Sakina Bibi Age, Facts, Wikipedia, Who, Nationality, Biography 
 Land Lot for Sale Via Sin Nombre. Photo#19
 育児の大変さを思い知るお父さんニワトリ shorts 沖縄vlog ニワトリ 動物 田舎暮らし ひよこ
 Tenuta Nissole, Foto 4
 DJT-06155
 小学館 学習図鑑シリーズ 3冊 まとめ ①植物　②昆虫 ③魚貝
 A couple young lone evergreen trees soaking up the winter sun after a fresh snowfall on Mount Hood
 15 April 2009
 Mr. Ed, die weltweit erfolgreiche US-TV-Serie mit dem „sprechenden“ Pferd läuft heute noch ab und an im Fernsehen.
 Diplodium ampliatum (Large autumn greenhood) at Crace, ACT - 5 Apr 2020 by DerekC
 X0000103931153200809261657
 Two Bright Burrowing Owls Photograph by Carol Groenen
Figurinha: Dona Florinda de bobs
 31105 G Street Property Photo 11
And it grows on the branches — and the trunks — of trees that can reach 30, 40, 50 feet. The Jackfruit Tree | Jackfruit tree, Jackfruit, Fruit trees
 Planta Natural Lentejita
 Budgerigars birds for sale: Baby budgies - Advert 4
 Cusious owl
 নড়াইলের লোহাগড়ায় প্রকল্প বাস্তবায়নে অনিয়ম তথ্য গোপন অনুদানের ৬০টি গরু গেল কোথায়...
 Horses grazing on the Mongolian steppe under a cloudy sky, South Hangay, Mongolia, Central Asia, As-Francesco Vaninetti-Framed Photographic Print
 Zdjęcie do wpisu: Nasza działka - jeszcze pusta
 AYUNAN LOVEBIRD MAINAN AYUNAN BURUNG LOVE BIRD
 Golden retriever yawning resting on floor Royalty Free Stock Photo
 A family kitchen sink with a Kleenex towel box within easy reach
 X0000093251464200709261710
__________
Lines before the one containing "Two Bright Burrowing" stay out; reproduce that line and all the lines after it, through the end of the listing, exactly.

Response area:
 Two Bright Burrowing Owls Photograph by Carol Groenen
Figurinha: Dona Florinda de bobs
 31105 G Street Property Photo 11
And it grows on the branches — and the trunks — of trees that can reach 30, 40, 50 feet. The Jackfruit Tree | Jackfruit tree, Jackfruit, Fruit trees
 Planta Natural Lentejita
 Budgerigars birds for sale: Baby budgies - Advert 4
 Cusious owl
 নড়াইলের লোহাগড়ায় প্রকল্প বাস্তবায়নে অনিয়ম তথ্য গোপন অনুদানের ৬০টি গরু গেল কোথায়...
 Horses grazing on the Mongolian steppe under a cloudy sky, South Hangay, Mongolia, Central Asia, As-Francesco Vaninetti-Framed Photographic Print
 Zdjęcie do wpisu: Nasza działka - jeszcze pusta
 AYUNAN LOVEBIRD MAINAN AYUNAN BURUNG LOVE BIRD
 Golden retriever yawning resting on floor Royalty Free Stock Photo
 A family kitchen sink with a Kleenex towel box within easy reach
 X0000093251464200709261710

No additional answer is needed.